Every line of the listing below from the one with "BMW STYLE 129" up to and including the one with "110-112-112A E HURON" should be retyped exactly, and nothing else; pictures are not part of the copy.

#### [PROVIDED ENTRIES]
[Start of section]

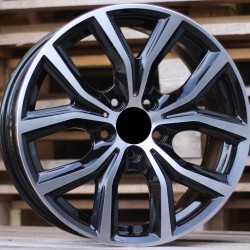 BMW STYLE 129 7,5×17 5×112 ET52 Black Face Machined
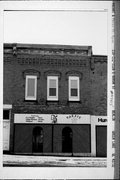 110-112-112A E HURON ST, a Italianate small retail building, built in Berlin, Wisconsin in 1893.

[End of section]
[Start of section]

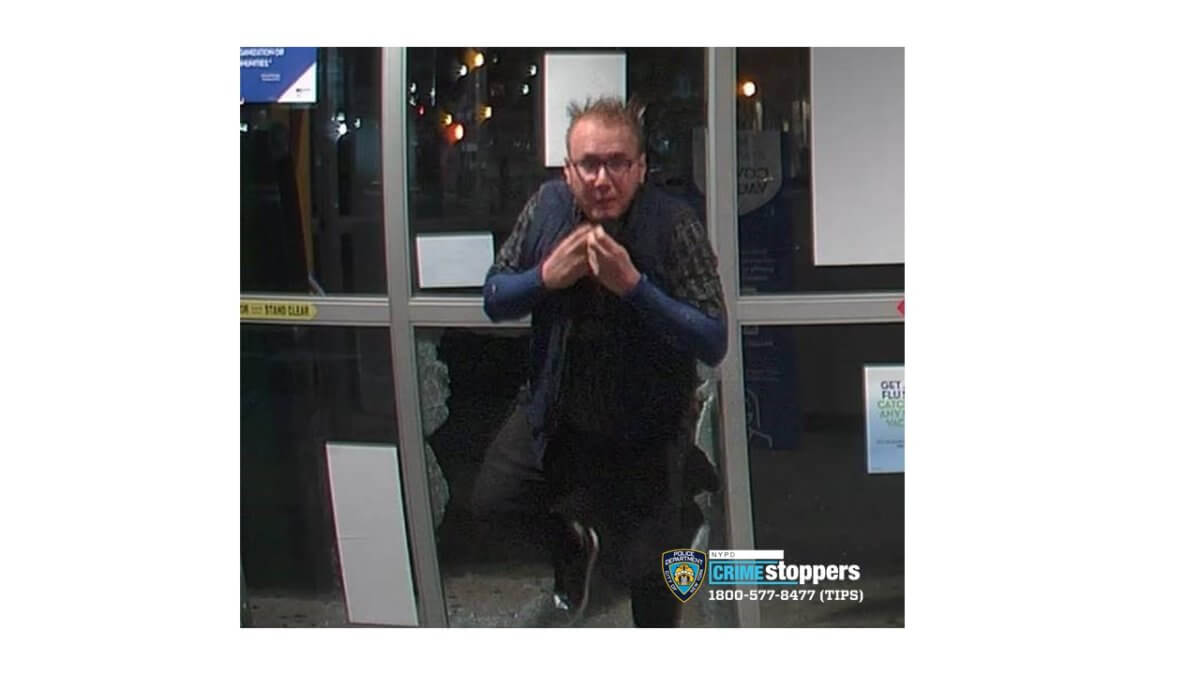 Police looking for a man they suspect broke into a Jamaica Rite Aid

[End of section]
[Start of section]

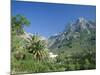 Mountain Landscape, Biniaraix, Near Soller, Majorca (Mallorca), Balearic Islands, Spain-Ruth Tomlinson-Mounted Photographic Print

[End of section]

#### [RESULT]
 BMW STYLE 129 7,5×17 5×112 ET52 Black Face Machined
 110-112-112A E HURON ST, a Italianate small retail building, built in Berlin, Wisconsin in 1893.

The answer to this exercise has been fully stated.